Former CIA Director Michael Hayden said Thursday that the U.S. intelligence community should be ashamed by the leak to the news media of details from the British investigation of the deadly terrorist bombing in Manchester.

He didn’t fault the U.K. for halting intelligence sharing with the U.S. about the investigation.

“There should be no sense of anger on our part, rather a sense of disappointment and shame in our own performance,” Mr. Hayden, who also previously ran the National Security Agency, told The Washington Times.

“This is British information that is shared on the condition that we will follow British rules,” he said. “They have an absolute right to do what they did. It should be a lesson for us.”

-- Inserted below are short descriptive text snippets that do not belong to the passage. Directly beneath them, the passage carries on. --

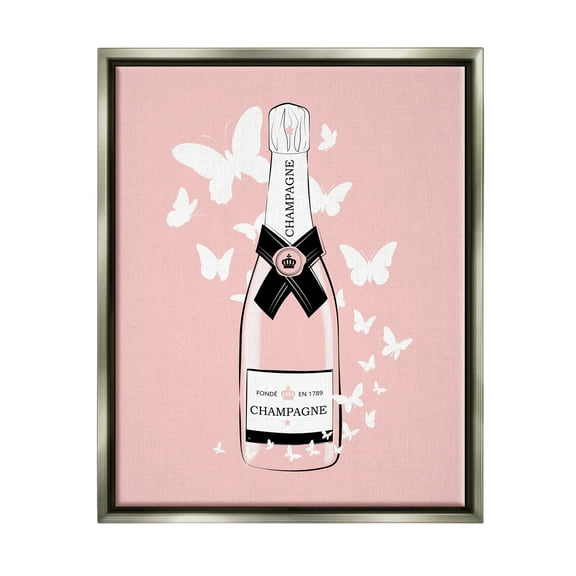 Stupell Industries Pastel Fluttering Butterflies Chic Pink Champagne Bottle Graphic Art Luster Gray Floating Framed Canvas Print Wall Art, Design by Martina Pavlova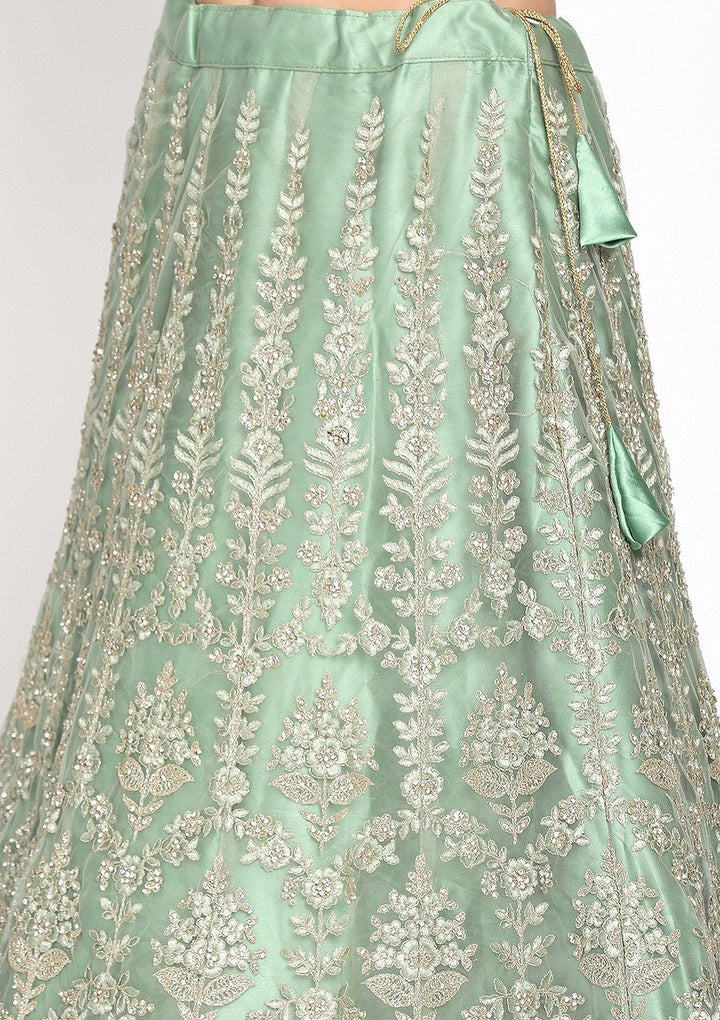 Pista Green Threadwork Net Designer Semi-Stitched Lehenga - koskii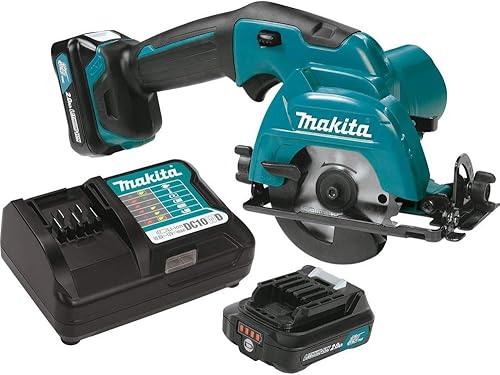 Sierra circular inalámbrica Makita con batería de iones de litio CXT de 12V Max 3-38 pulgadas color verde azulado SH02Z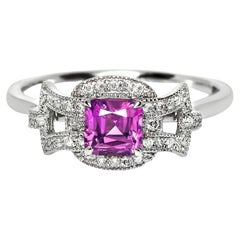 GIA-zertifizierter Verlobungsring mit einem 0,81-Karat-Saphir aus Kaschmir in leuchtendem Violett-Rosa, 18 Karat, unbehandelt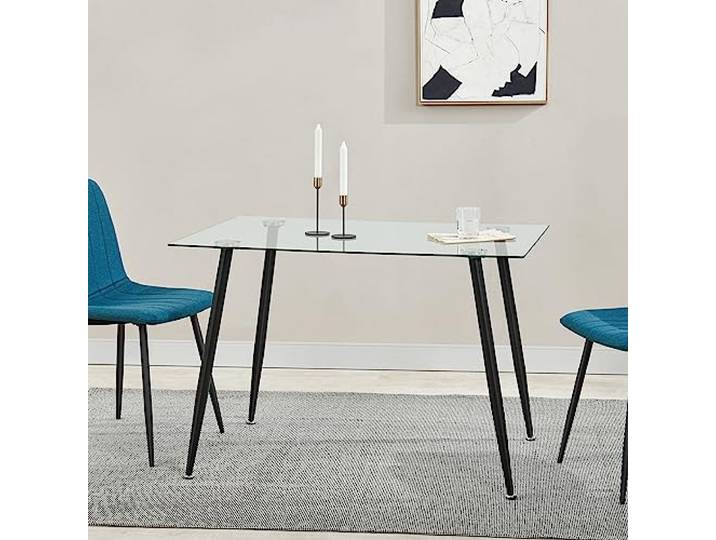 [en.casa] Glastisch Hyrynsalmi Küchentisch 75x110x70cm aus Stahl Glas Esszimmertisch Schwarz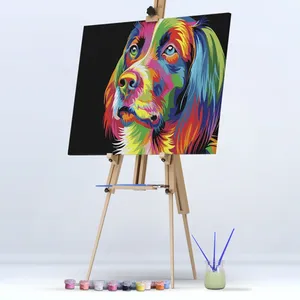 Pintura a óleo colorida para cachorros, faça você mesmo, pintura a óleo, número para sala de estar, parede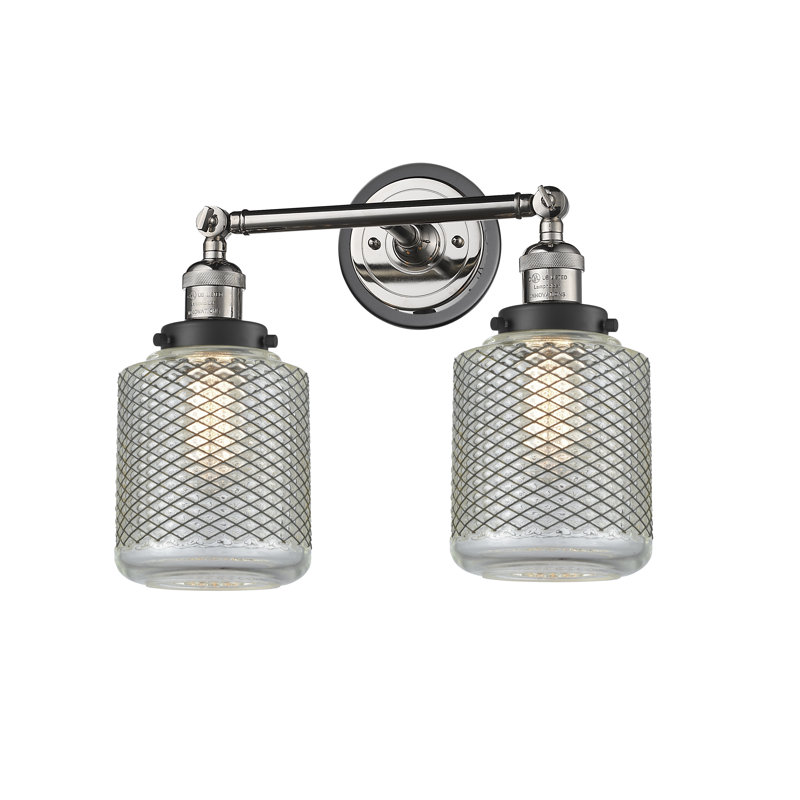 Meuble-lavabo en nickel poli 2 lumières à luminosité réglable Iyana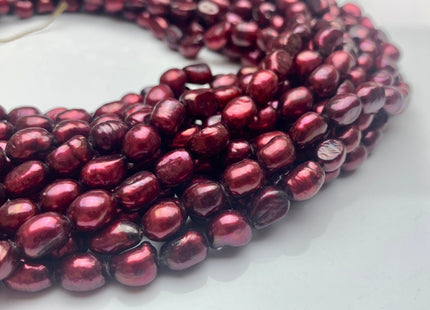 6x8 mm Burgundy Red Color Rice Nugget Freshwater Pearl Beads Genuine RedColor Cultured Freshwater Pearl Nugget Beads #1511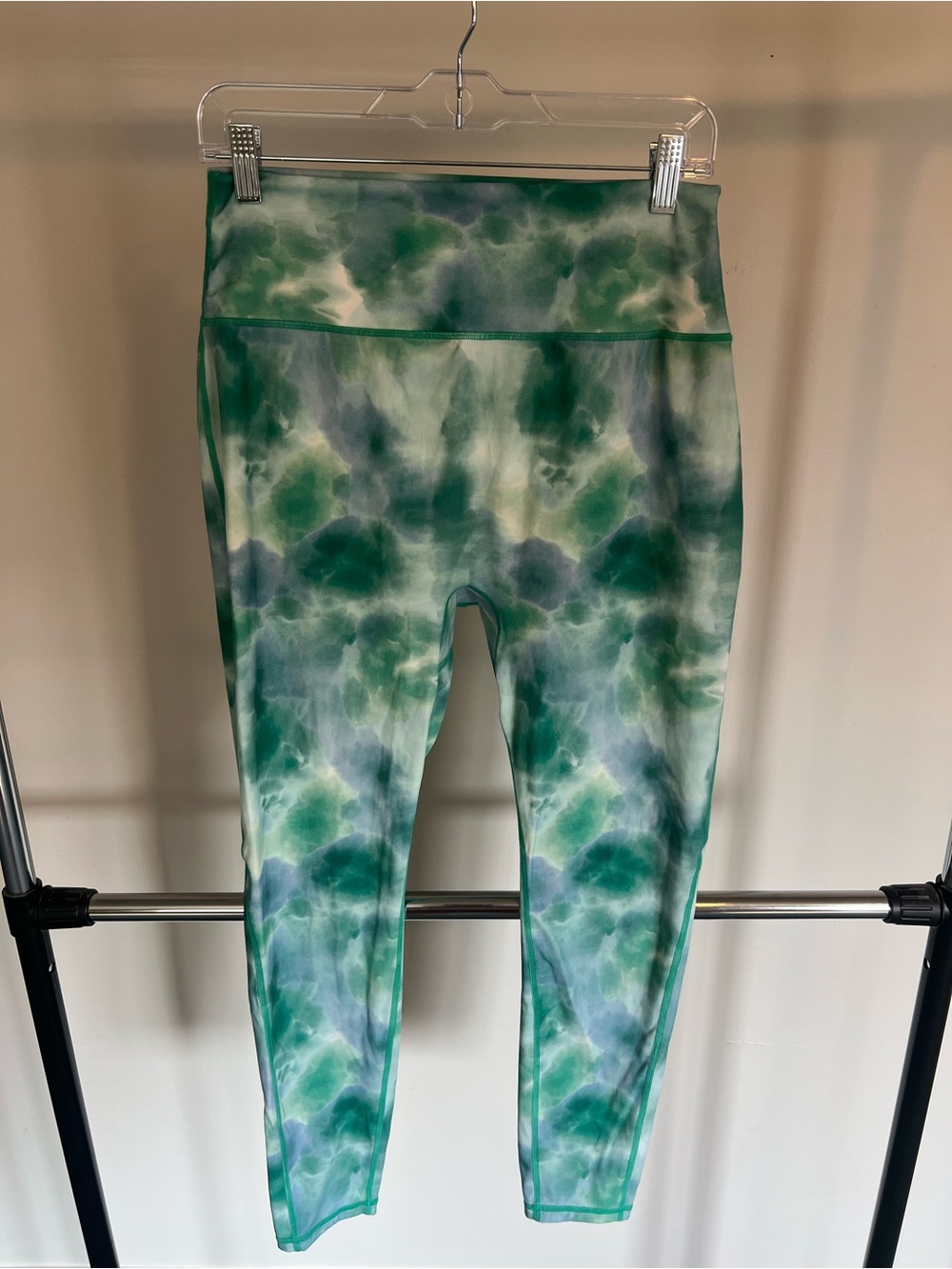 BuffBunny Legacy Green Swirl Print- Green and Blue Tie Dye Leggings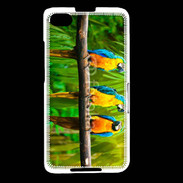 Coque Blackberry Z30 Trois perroquets bleu et jaune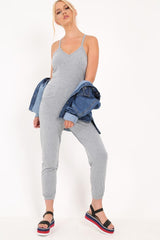 Grey Plunge Strappy Jersey Jumpsuit - Narumi-Jumpsuits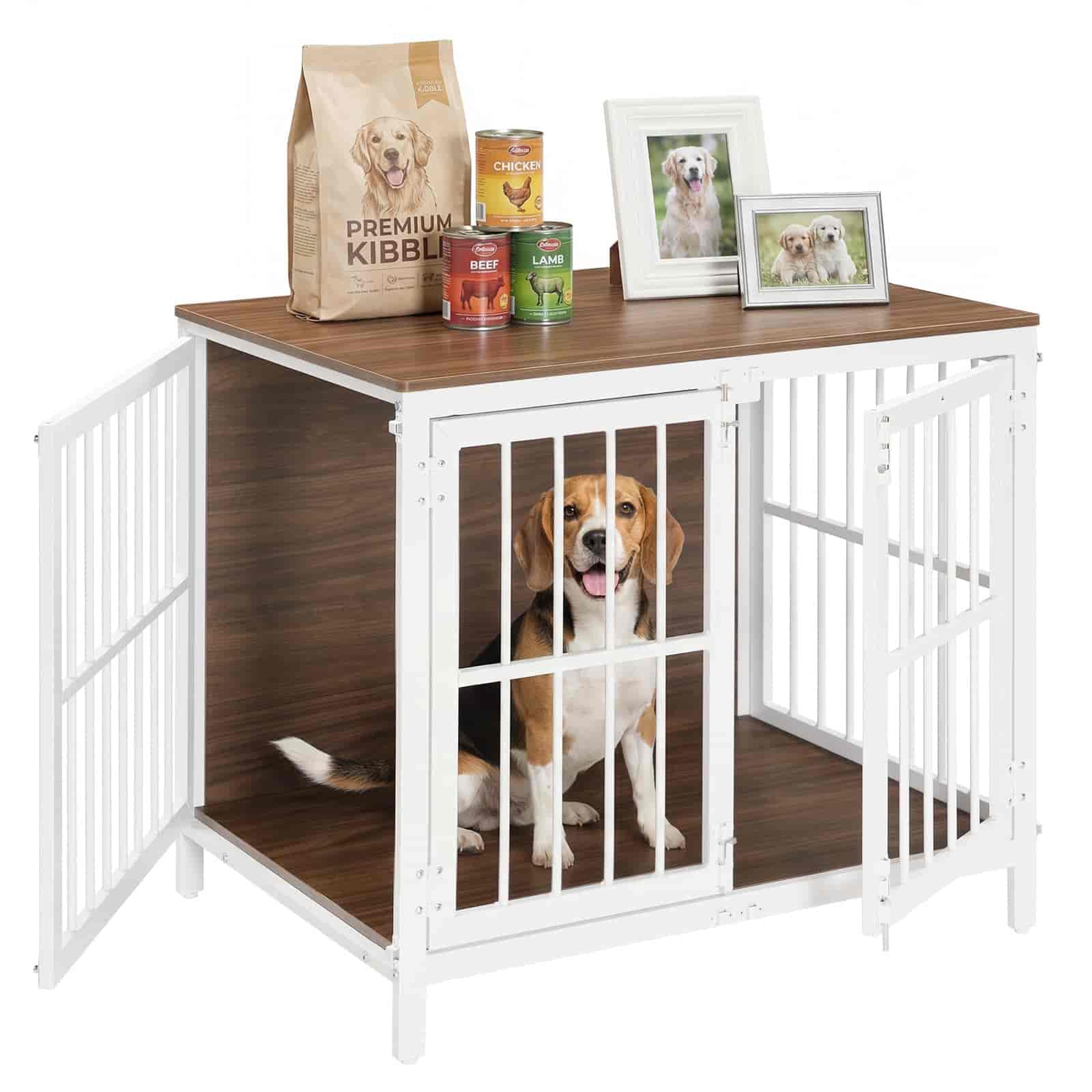hoobro-cage-chien-bois-blanche-100-cm-3-portes-meuble image 1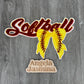 Softball Bow Chenille Patch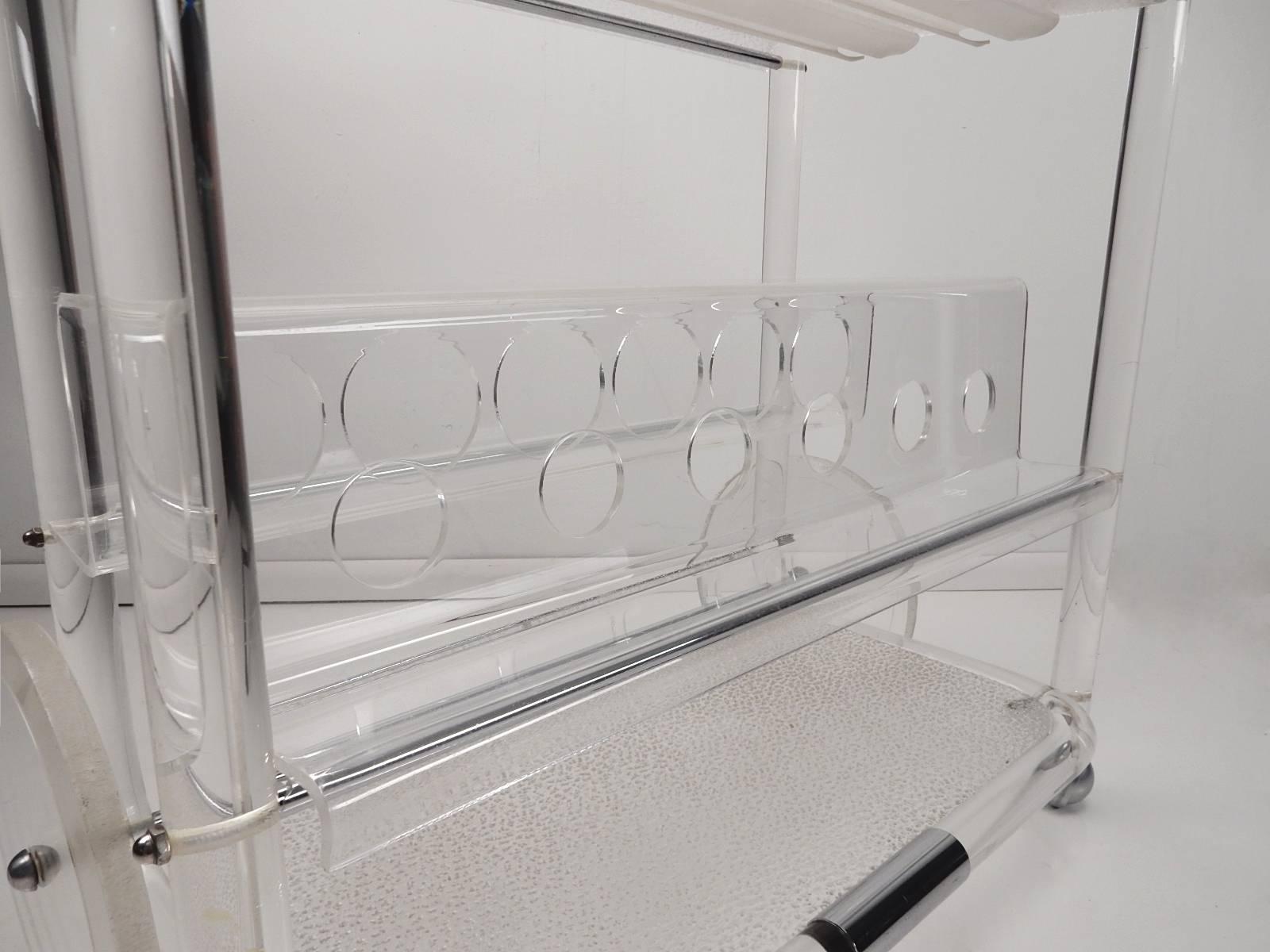 Mid-Century Lucite and Chrome Bar Serving Cart 1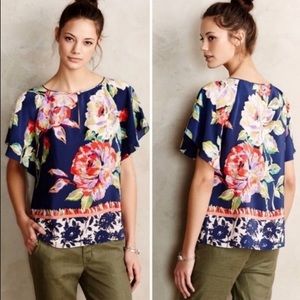 Anthro Maeve Silk Gardenia Floral Print Flutter Sleeve Blouse Size 4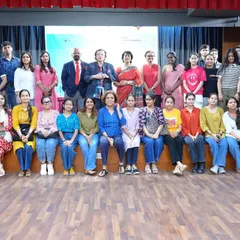 A group photo of students and faculty at our workshop on countering media disinformation. We bring together aspiring journalists to learn from seasoned professionals.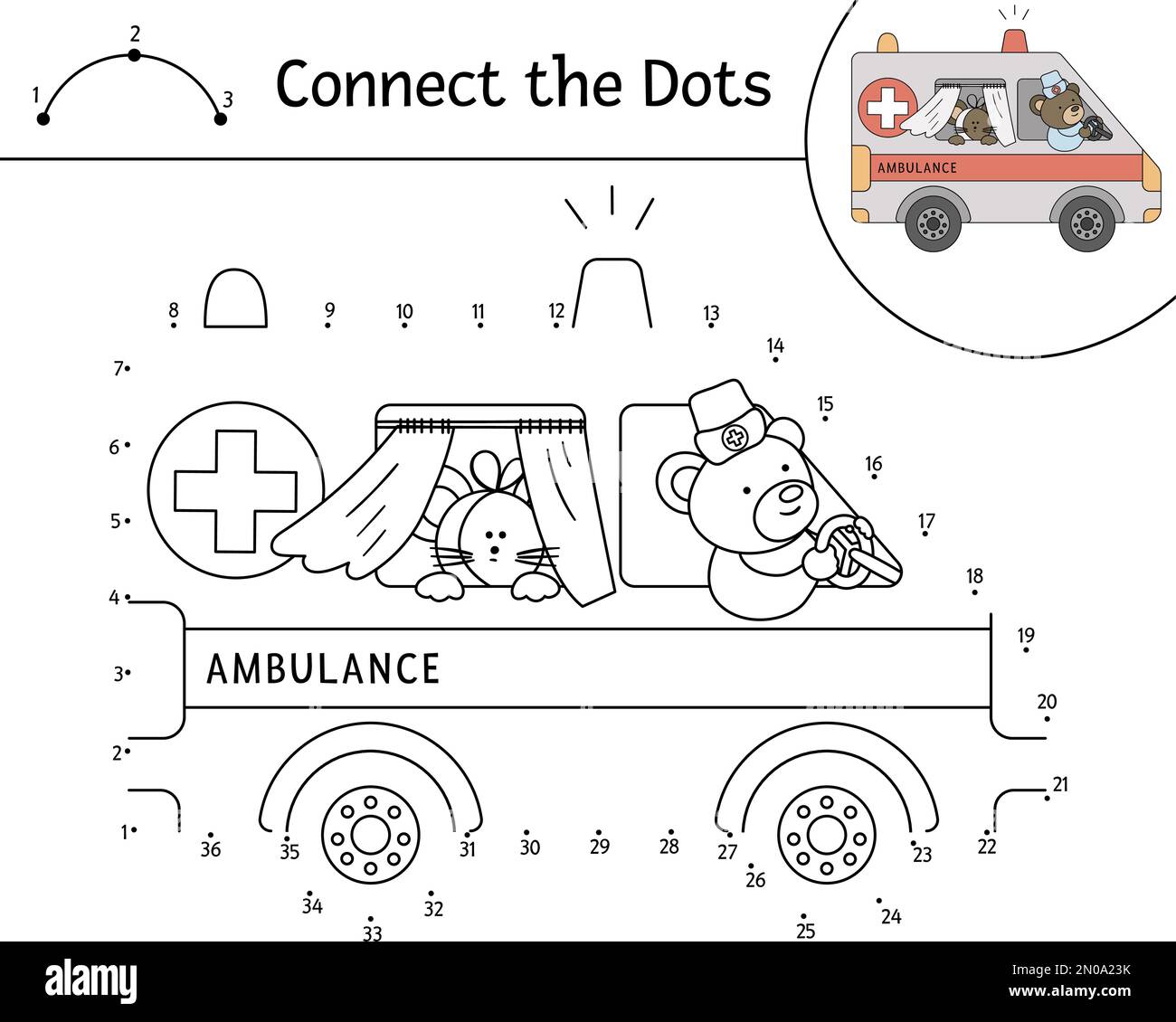 Attività vettoriale da punto a punto con ambulanza e animali carini. Collegare il gioco Dots. Portare il medico guida auto di emergenza con il mouse malato. Divertente speciale med Illustrazione Vettoriale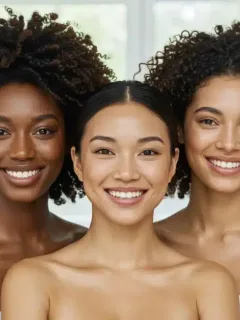 Diverse women with glowing, healthy skin smiling confidently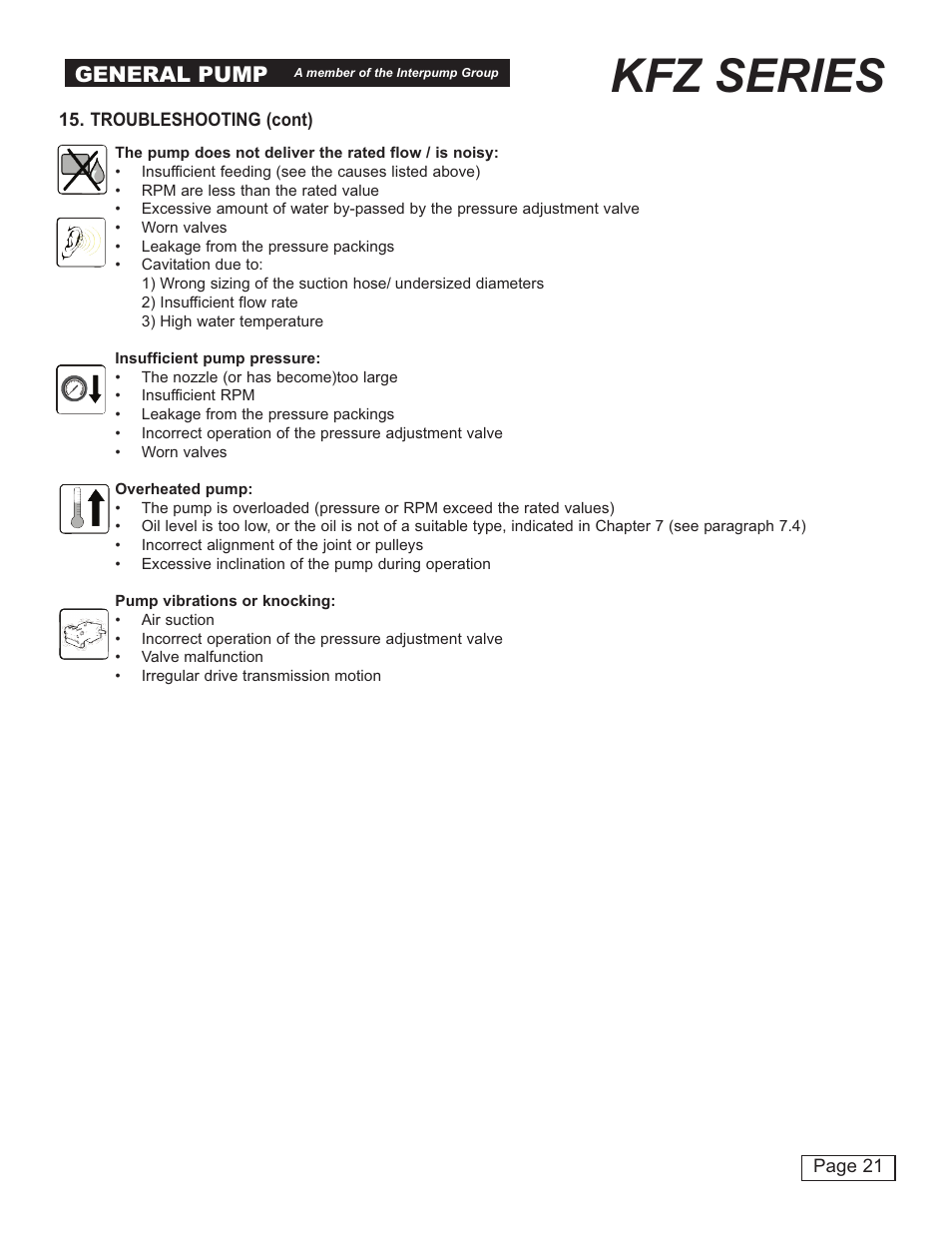 Kfz series, General pump | General Pump KFZ Owner Manual User Manual | Page 21 / 24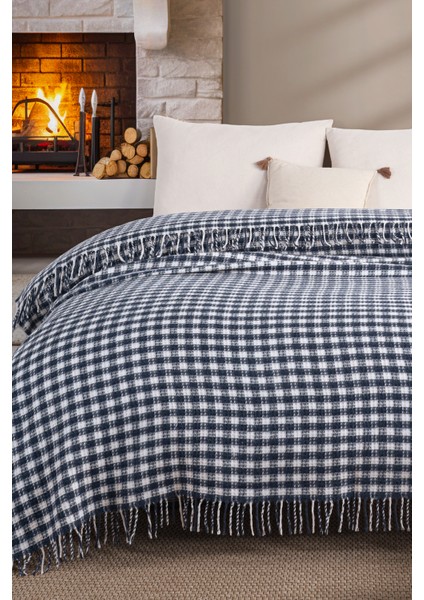 Battaniye Çift Kişilik Akrilik Pamuklu Honey Lacivert modelleri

The appearance of details from the British investigation in The New York Times strained relations between the U.S. and one of its closest allies and partners in intelligence operations.

British Prime Minister Theresa May planned to confront President Trump about it when they met in Brussels, where both are attending a NATO summit.

Mr. Trump, whose administration repeatedly has been damaged by embarrassing information leaked from the intelligence agencies, called the most recent failure to keep secrets “deeply troubling.”

He ordered a Justice Department probe into leaks from government agencies.

“These leaks have been going on for a long time and my administration will get to the bottom of this,” Mr. Trump said in a statement. “The leaks of sensitive information pose a grave threat to our national security.”